Hace unos días, en una de las visitas rutinarias a mi dentista, tras terminar la revisión y decirme que todo estaba bien, añadió, más como profesional de la “dentadura” que como pipiolo piropeador, que tenía una sonrisa muy bonita. Inmediatamente se disculpó y a punto estuvo de desdecirse de lo dicho -vamos, con la preciosa sonrisa que yo tengo-. Intentó dejarme clarito meridiano que para nada pretendía ofenderme con una actitud machista diciéndome piropo alguno. Y a mí, qué quieren que les diga, terminó por amargarme el cumplido, que, como ya he dicho, de cumplido nada, una verdad como la copa de un pino que ahora se convertía, por arte de “nohacerdesplieguedeactitudmachista”, en agua de borrajas.

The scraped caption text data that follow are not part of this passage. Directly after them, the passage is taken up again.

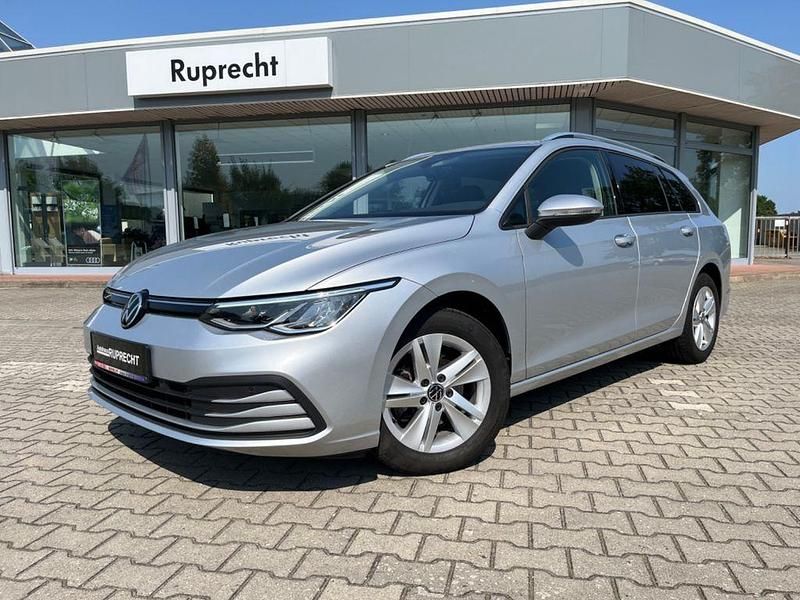 Silber Gebraucht 2021 VW Golf VIII Life Kombi | 18.890 € (Etwas zu teuer) - Bild 1/4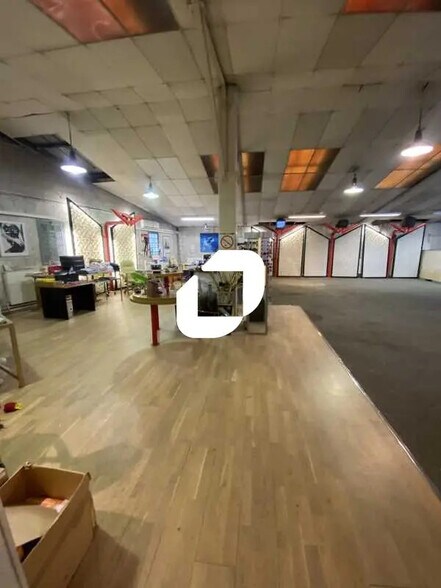 Office in Romainville for lease - Building Photo - Image 3 of 11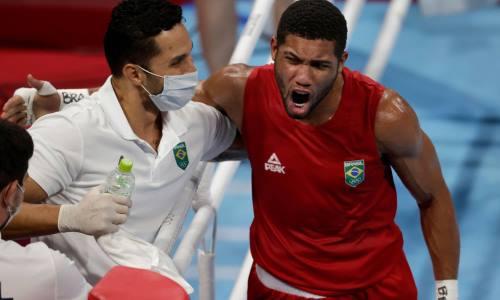 Сотворивший сенсацию на Олимпиаде-2020 обидчик казахстанца перешел в профессиональный бокс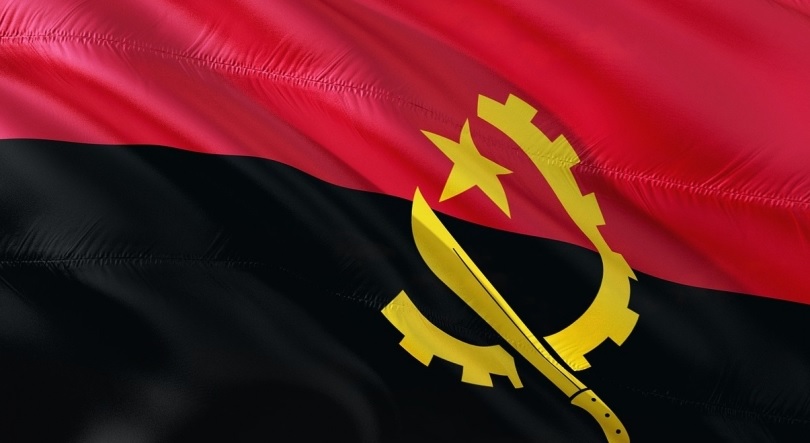 Friends of Angola preocupada com violações sistemáticas da Constituição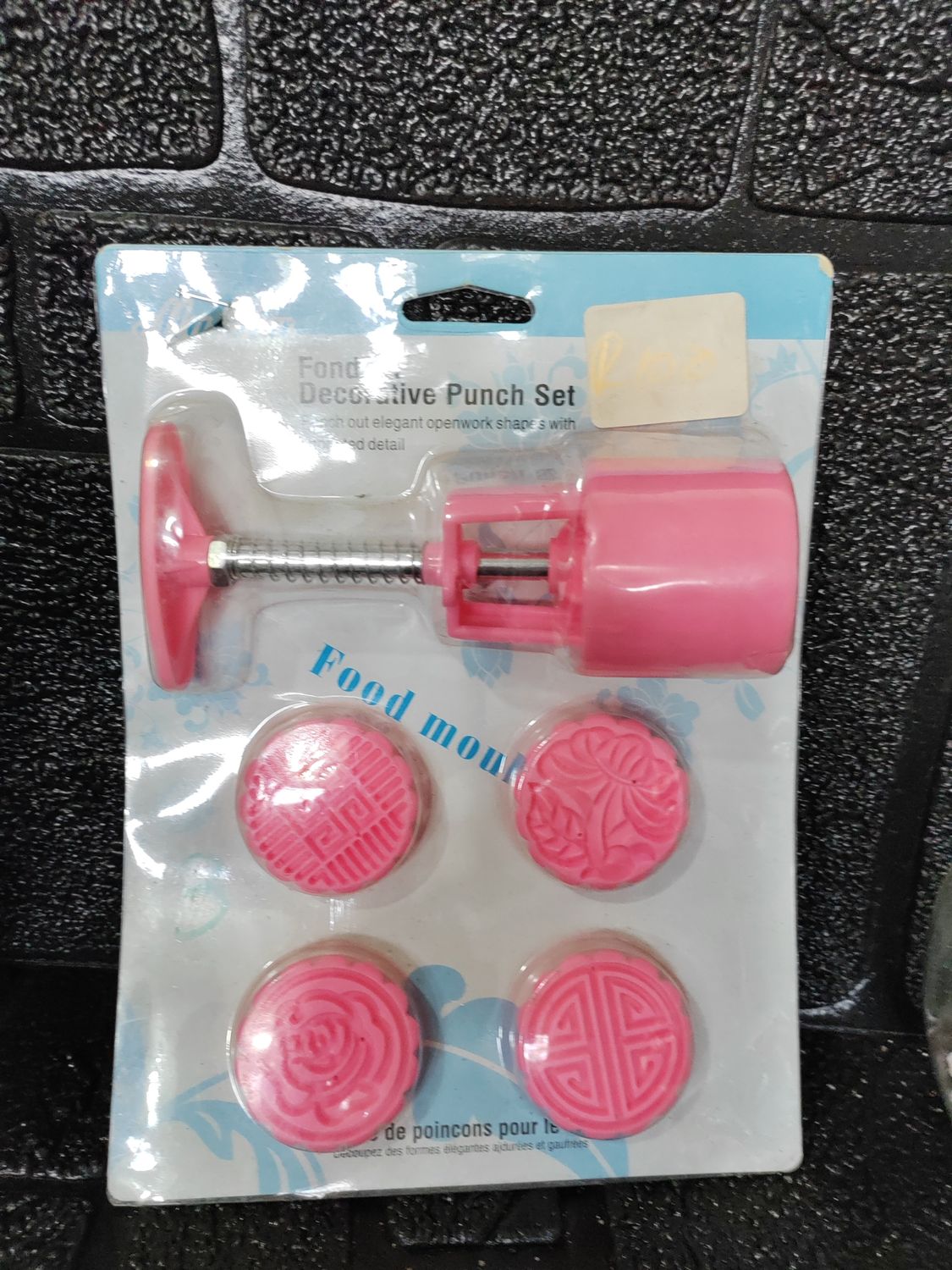 Biscuits mould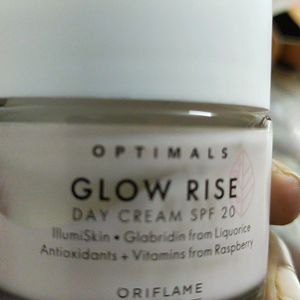 Glow Rise Day Cream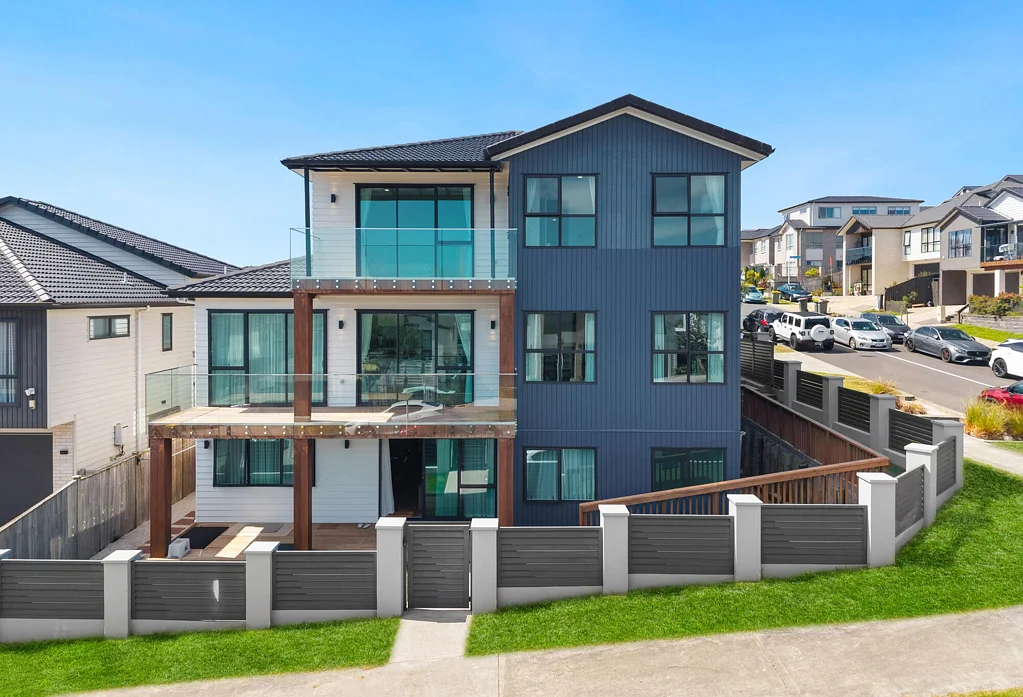 2 Drumnaconagher Road, Flat Bush, Manukau City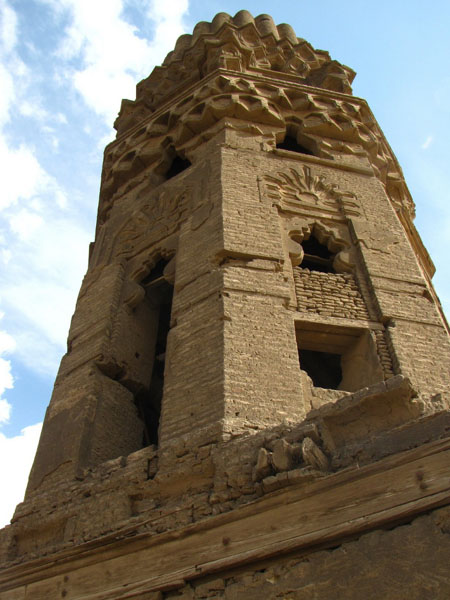 Древний минарет мечети Хакима, Каир / Фото из Египта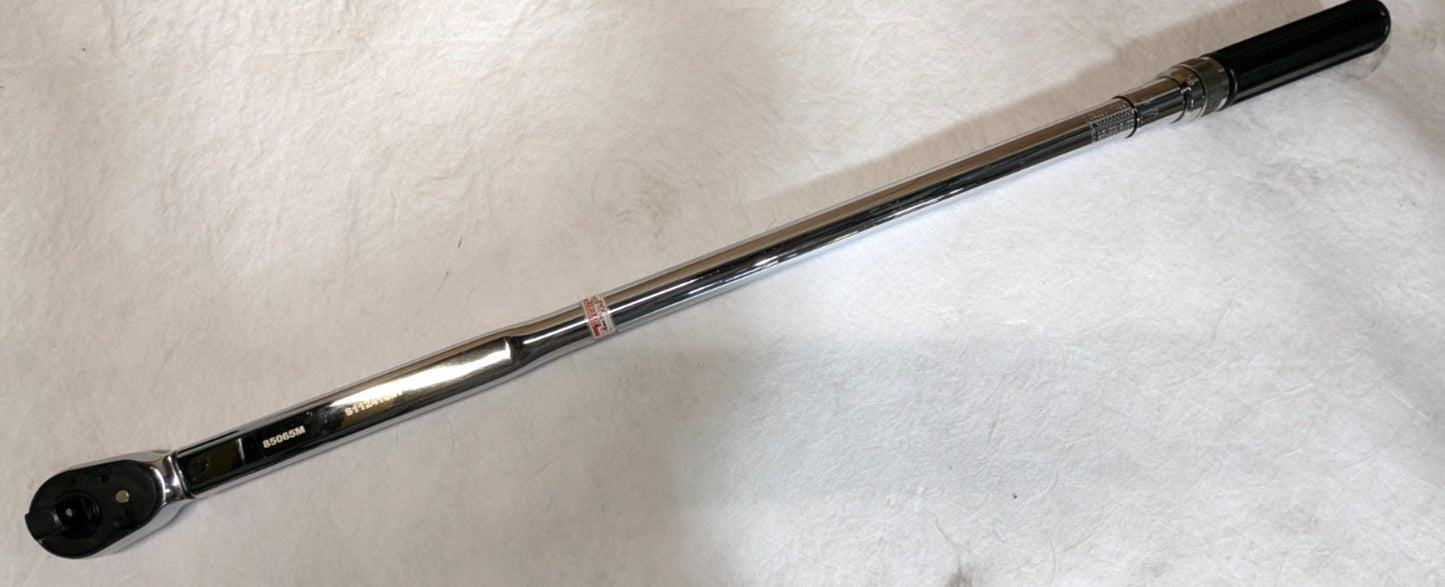 GEARWRENCH  3/4" Drive Racheting Torque Wrench  100-600 ft/lbs.  85065M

Le dije que a mí no me molestaba escuchar y aceptar un comentario agradable sobre mí; que yo misma solía hacerlo de continuo tanto con amigas como con amigos, y que consideraba que ese gesto cariñoso de reconocimiento hacia alguna cualidad física o espiritual de alguien conocido no albergaba ninguna connotación negativa. El pobre me confesó que ahora los hombres de cierta edad, ya saben, la más incierta de todas las edades, andan muy perdidos a la hora de tratarnos, que ya no saben si cedernos el paso o entrar atropelladamente delante de nosotras –por cierto, un viejo doctor le cedió el paso a una joven colega y esta le espetó sin contemplaciones ni modales que era un machista, a lo que él le respondió: “Perdone, no le cedido el paso porque usted sea una dama sino porque yo soy un caballero”-; si levantarse en el autobús para permitir que nos sentemos o aguantar impasibles sentados contemplando cómo basculamos el peso de un pie a otro mientras miran hacia el infinito; si invitarnos a cenar o dejar que saquemos la cartera y apoquinemos la pasta que nos corresponda o dejarse invitar en un acto de claudicación total del machismo; si hacer alusión, vamos, un cumplido, a nuestro acertado vestuario o peinado o ni mirarnos… por un miedo atroz a ofendernos tanto si lo hacen como si dejan de hacerlo. Y yo pensé que era absolutamente cierto, que una cosa es el feminismo bien entendido y otra el machaque innecesario que sólo reproduce lo peor del machismo, que ahoga la educada caballerosidad y que solo lleva a que los hombres que han pasado de los cincuenta anden más perdidos que un pingüino en África.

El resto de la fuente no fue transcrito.